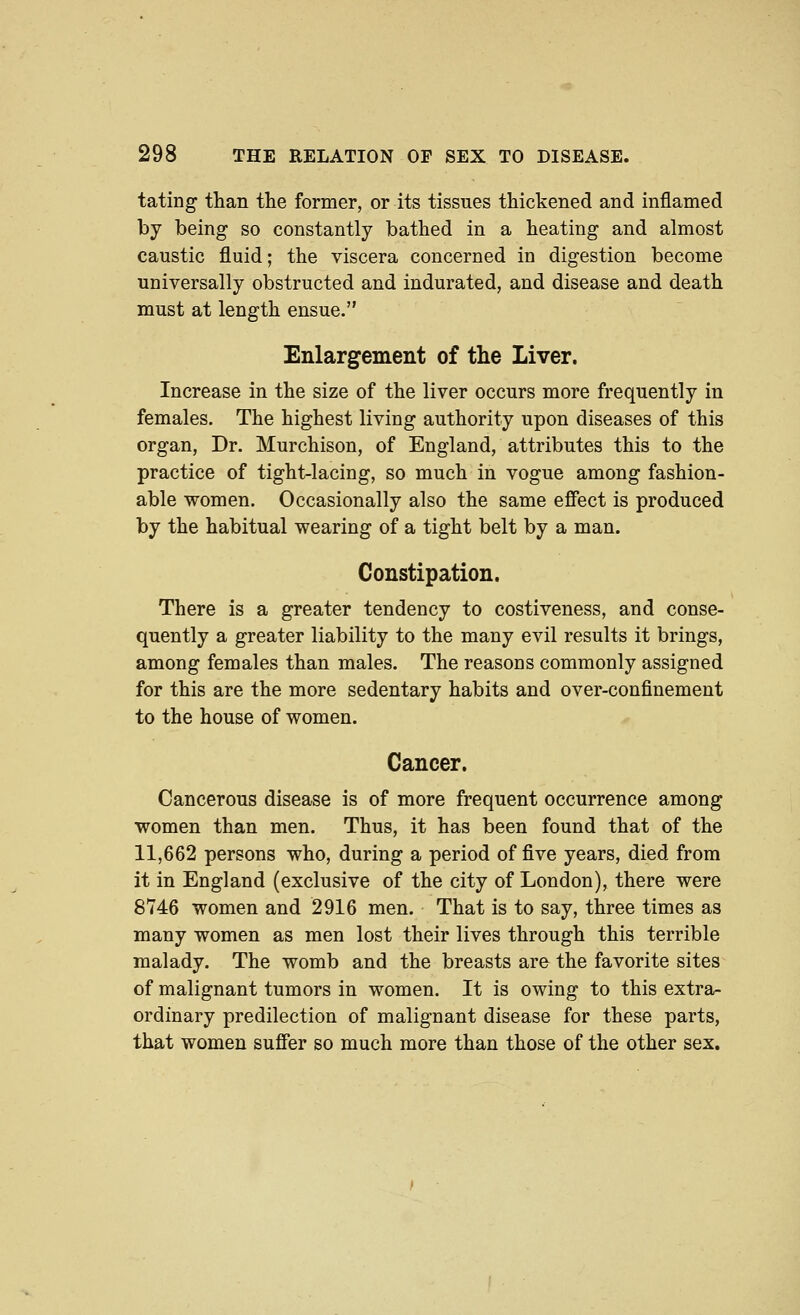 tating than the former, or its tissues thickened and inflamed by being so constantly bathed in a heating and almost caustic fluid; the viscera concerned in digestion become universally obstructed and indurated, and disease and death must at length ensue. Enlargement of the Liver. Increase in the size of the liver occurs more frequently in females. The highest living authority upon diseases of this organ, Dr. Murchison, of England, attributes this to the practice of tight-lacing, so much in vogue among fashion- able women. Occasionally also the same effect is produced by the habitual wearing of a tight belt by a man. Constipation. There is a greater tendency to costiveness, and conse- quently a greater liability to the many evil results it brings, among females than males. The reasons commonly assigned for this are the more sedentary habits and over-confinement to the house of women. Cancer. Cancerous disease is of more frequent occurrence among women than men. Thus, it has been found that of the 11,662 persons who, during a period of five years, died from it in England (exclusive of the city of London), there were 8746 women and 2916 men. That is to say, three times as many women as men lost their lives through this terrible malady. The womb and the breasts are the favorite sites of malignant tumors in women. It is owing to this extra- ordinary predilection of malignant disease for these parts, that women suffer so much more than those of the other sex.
····················
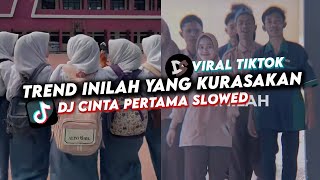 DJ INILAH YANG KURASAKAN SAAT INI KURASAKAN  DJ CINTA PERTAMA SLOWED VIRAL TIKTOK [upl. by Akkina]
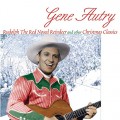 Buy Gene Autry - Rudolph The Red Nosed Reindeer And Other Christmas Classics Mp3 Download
····················
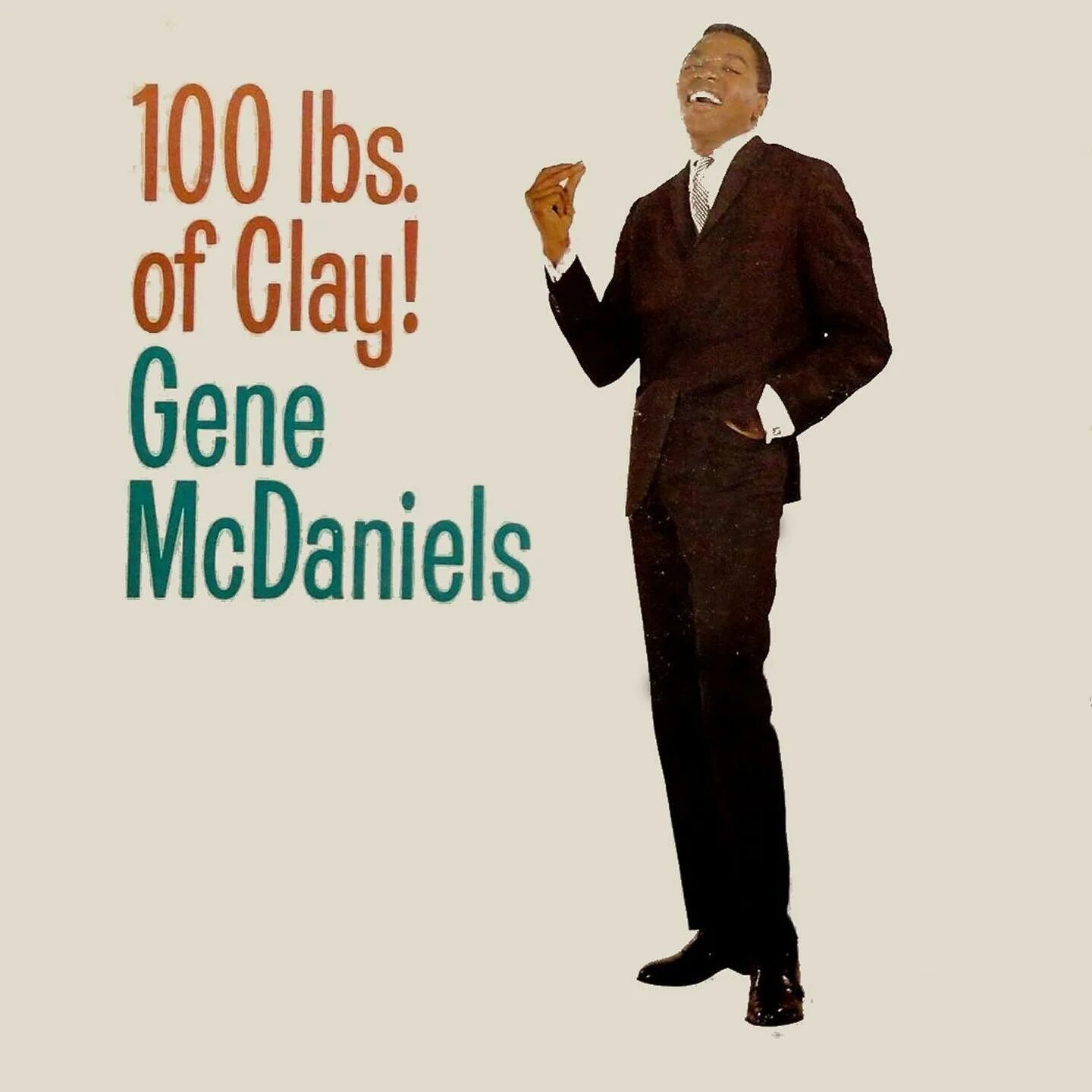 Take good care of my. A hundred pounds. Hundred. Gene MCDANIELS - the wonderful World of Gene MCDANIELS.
····················
## Your task
Your answer must be the lines above from the one holding "DJ INILAH YANG" up to and including the one holding "Buy Gene Autry", exact and with no pictures.

## Task output
 DJ INILAH YANG KURASAKAN SAAT INI KURASAKAN  DJ CINTA PERTAMA SLOWED VIRAL TIKTOK [upl. by Akkina]
 Buy Gene Autry - Rudolph The Red Nosed Reindeer And Other Christmas Classics Mp3 Download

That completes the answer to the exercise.